A study of the proprietary name pairs on the FDA and ISMP lists found that 75% of the pairs had POCA scores ≥ 50, more than half had shared strings of ≥ 3 prefix letters, and that the pairs were the same or a similar number of letters in length [22]. Most trade name pairs were in the moderate similarity category, and one-quarter had scores indicating low similarity. Generic-generic name pairs may be slightly more similar than proprietary name pairs, but in generic naming there are additional constraints, such as the need to use the same suffix for members of the same drug class or restrictions against specific letters (e.g., h, k). These restrictions may affect the linguistic properties of generic name pairs [30].

Without quantitative linguistic analysis, it has been the experience of USAN Program staff that whether two drug names “look similar” or “sound similar” is subjective and depends on the languages spoken by those making the judgement, among other factors. Consequently, while qualitative judgements are a useful starting point, quantitative methods may be valuable in understanding whether wrong-drug errors are caused by name similarity.

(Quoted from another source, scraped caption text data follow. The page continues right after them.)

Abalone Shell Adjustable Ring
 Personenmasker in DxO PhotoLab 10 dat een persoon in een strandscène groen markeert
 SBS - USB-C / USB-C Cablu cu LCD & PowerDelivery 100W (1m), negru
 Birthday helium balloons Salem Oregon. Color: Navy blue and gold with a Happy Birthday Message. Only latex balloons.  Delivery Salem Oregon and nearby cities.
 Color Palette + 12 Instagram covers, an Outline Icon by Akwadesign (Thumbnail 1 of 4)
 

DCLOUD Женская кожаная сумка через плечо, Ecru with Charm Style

Because POCA was developed to screen proprietary names before regulatory approval, further work is needed to validate it as a tool for identifying problematic name pairs in clinical practice, or for targeting error-prevention measures. However, this additional work might be particularly valuable now that a free, online version of POCA is available.

Summary

Quantitative tools, such as comparing the number of shared letters, name length, and POCA analysis, are valuable for judging the similarity of two generic drug names. When applied to widely disseminated lists of name pairs for which tall-man lettering is recommended to reduce wrong-drug errors, POCA analysis found about half the name pairs were highly similar, with the remainder having mainly moderate similarity. Many of the names on these lists were problematic, having numerous conflicts with other names of marketed drugs. This suggests that the relationship between drug name similarity and wrong-drug errors is more complex than is often assumed. More study is needed to understand how the linguistic properties of drug names affect medication errors.